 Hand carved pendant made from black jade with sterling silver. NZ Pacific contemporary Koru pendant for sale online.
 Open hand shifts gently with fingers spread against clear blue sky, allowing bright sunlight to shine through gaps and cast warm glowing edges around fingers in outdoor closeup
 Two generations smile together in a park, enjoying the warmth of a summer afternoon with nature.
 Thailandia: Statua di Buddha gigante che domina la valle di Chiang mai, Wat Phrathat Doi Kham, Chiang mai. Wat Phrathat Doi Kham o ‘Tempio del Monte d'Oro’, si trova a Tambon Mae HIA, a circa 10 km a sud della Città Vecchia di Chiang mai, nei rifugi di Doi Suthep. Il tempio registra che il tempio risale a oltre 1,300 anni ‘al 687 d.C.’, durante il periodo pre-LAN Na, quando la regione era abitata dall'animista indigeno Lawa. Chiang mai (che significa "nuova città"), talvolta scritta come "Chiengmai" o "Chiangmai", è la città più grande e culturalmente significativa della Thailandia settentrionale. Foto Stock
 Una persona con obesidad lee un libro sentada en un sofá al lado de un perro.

※ ※ ※

#### TASK PROMPT
Copy each line above containing the string "with".

#### ANSWER TO THIS TASK
 Hand carved pendant made from black jade with sterling silver. NZ Pacific contemporary Koru pendant for sale online.
 Open hand shifts gently with fingers spread against clear blue sky, allowing bright sunlight to shine through gaps and cast warm glowing edges around fingers in outdoor closeup
 Two generations smile together in a park, enjoying the warmth of a summer afternoon with nature.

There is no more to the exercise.